The Globe and Mail has an article on Mennonite author Miriam Toews and her acting gig in Carlos Reygadas’s Luz silenciosa, AKA Silent Light, which premieres May 22 at the Cannes Film Festival:
It all began when Reygadas was in Germany about a year ago, looking for actors (that is, non-actors) for his film, a love triangle set among the Mennonites of northern Mexico. A leading advocate of Plautdietsch, the archaic German dialect that originated in the country’s lowlands, gave Reygadas a copy of A Complicated Kindness, figuring he’d enjoy its story of a Mennonite teenager growing up in small-town Manitoba. He did enjoy it, but he was even more thrilled when he turned to the author photo at the back. . . .
Toews plays Esther, a mother of seven and the wife of a Mennonite farmer (Cornelius Wall) who, “against the law of God and man,” according to an official plot summary, falls in love with another woman (Maria Pankratz). She still doesn’t know exactly why Reygadas chose her for the role. “I guess he just thought somehow I looked the part of Esther – this spurned, rejected woman – which is kind of funny because I’m a pretty happy-go-lucky person. Well not so much, but relatively. I didn’t think that I had that sort of sad countenance. Maybe I do, more than I know.”
Even though she was nervous in front of the cameras, Toews says there was something relaxing about being a cog in someone else’s machine. “Normally I write books and that’s my life, and here I didn’t have to think too much about creating my own characters, my own story. It was kind of nice to be part of Carlos’s vision and just follow directions. So that was a relief, and the collaborative aspect of it was also fun compared to the solitary existence of writing.”

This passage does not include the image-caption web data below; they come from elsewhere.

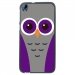 TPU1DES626CHOUETTE5 - Coque souple pour HTC Desire 626 avec impression Motifs chouette mauve et grise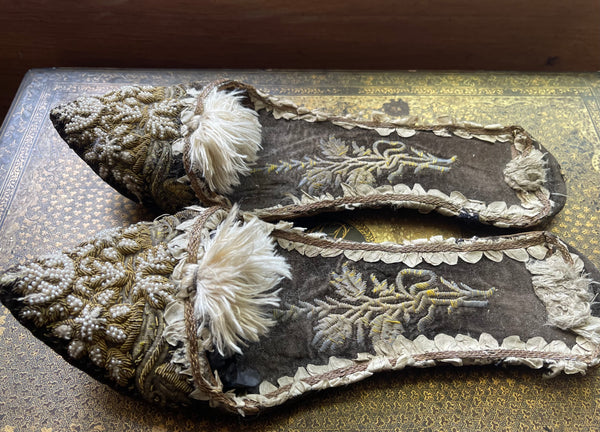 Antique Ottoman Slippers with Gold Gilt Embroidery & Seed Pearls: C19th Turkey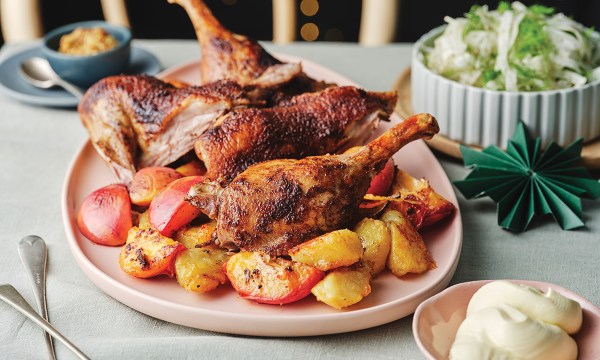 Thumbnail for Recipe: Slow roast duck with nectarines and potatoes
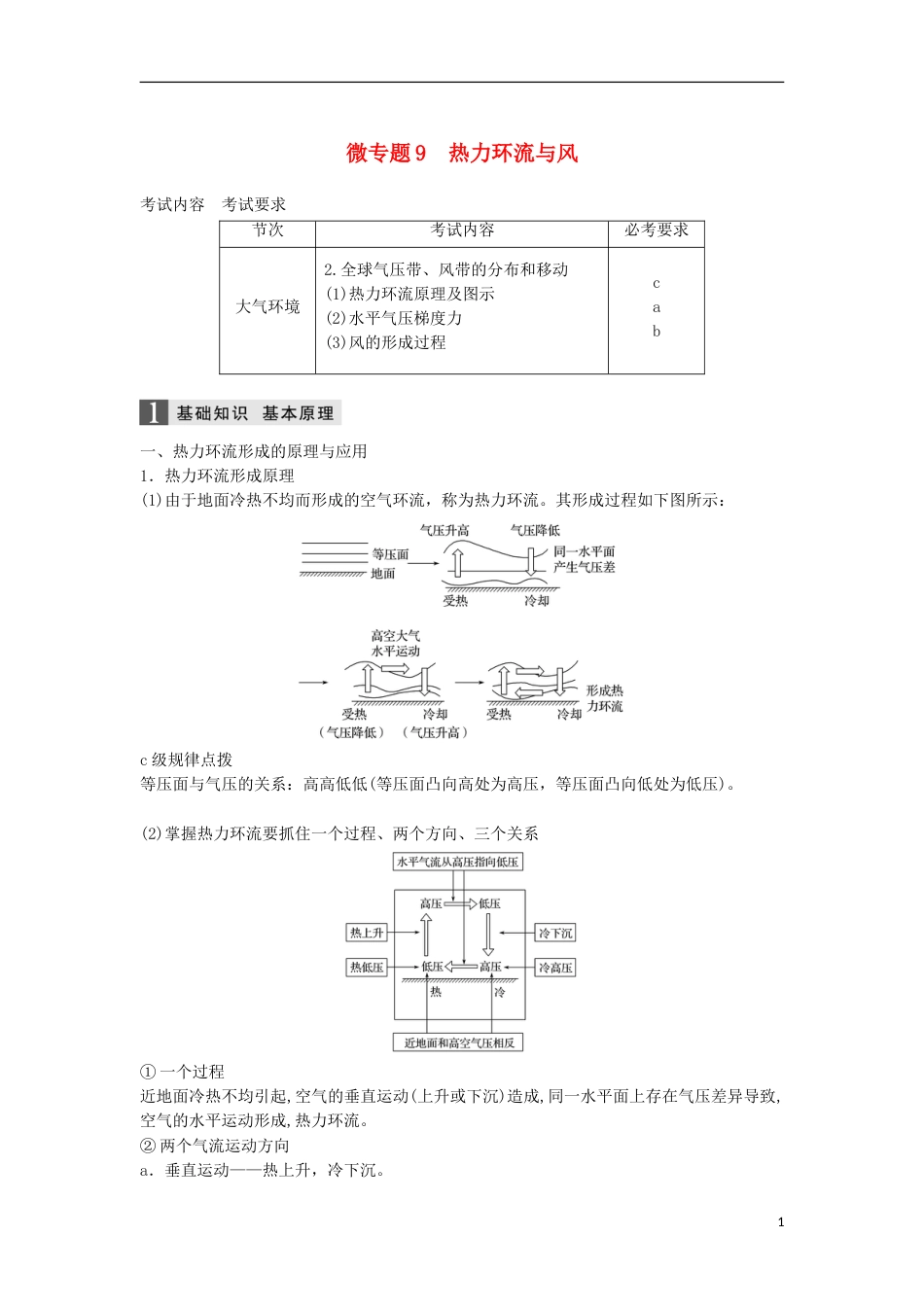 高三地理二轮专题复习专题三大气与水的运动规律微专题热力环流与风学案新人教_第1页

And she discovered some similarities to her own work. “I inhabit the characters in my writing, for sure, I become the characters. So in that way I guess it felt like a natural thing to be wanting to do. I’m not sure I succeeded at any level,” she says with a self-effacing laugh, “but it certainly felt like, ‘Here we go, this is something I’m familiar with attempting to do.’ Whether it’s successful or not, who knows? But it was a familiar process.”
A non-thespian artist being approached for an acting gig because of the photo on her cover? Reminds me of how Sam Phillips’s album Martinis & Bikinis was noticed by the folks behind Die Hard with a Vengeance (1995), who cast her as a mute terrorist.